Refraining from calibrating the probe in vivo is suggested to introduce bias since the relative recovery of substances (RR) is reported to increase with high intensity exercise in the absence of true interstitial changes [11, 44]. However, most studies of low-load work have reported no change [13, 14, 39, 45] or a small change  in RR of lactate in the trapezius muscle during work. This lack of change in RR may be explained by that intramuscular pressure does not increase in the trapezius during low-load work , and that the changes in blood flow are small ,which are suggested not to affect RR of substances in vivo [47, 48]. We did not assess RR, and cannot therefore exclude the presence of a bias, although we find it unlikely that this bias is significant.
Ideally, we also should have measured blood-flow (BF), since metabolic insufficiencies may be the result of impaired BF . Existing results are conflicting and provide no convincing evidence for impaired BF in TM as compared to healthy controls [14, 18, 39, 45].
NIRS may provide information about a possible mismatch between metabolic requirements and blood flow locally in muscle  and is considered a valid , and reliable tool  for measuring local muscle oxygenation during work.
Heterogeneity of blood flow and oxygen consumption distributions within a muscle [43, 52, 53], work intensity and level of training  and mode of exercise  may influence NIRS-measurements. In this, and in previous studies [9, 10], the work and the position of the probe were standardised, to enable appropriate comparison between studies .
The probe was chosen to ensure that data was obtained from the trapezius, and not from underlying muscle. It may be argued that the measuring depth of the probe may not have been sufficient to accurately assess changes in %StO2. However, the muscle volume measured with NIRS is controversial, and while the signal is presumed to be obtained mostly from a tissue depth of approximately 60% of the transmitter-detector distance, a banana-shaped region of sensitivity extends both above and below this depth . Since the skin overlying muscle in lean subjects contributes <5% of the signal , our measurement should mainly originate from muscle.

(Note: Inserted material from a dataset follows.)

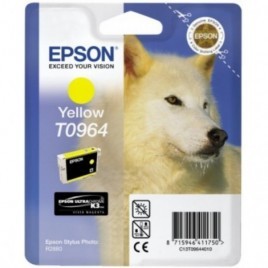 ORIGINAL EPSON T0964 Jaune - Loup Blanc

The discrepancies between the few studies that have studied the effect of low-load work on metabolism and sensitising substances, both in methodology, and subjects studied, emphasise that more independent studies are needed.
The changes in substance concentrations and oxygenation found in this study indicate normal increase in metabolism in response to work but no ongoing inflammation in subjects with TM. Our results do not support the role of glutamate as a pain mediator in the periphery.
The authors have no conflicts of interest.
The financial support of the Swedish Agency for Innovation Systems, VINNOVA (project no. 510240) is gratefully acknowledged. Special thanks are due to laboratory technician Margaretha Marklund for qualified technical and graphical work, and to physiotherapist Åsa Svedmark for professional help with the clinical examinations. Thanks also to Dr. Lars Öhberg for help with interpreting the ultrasonographic images.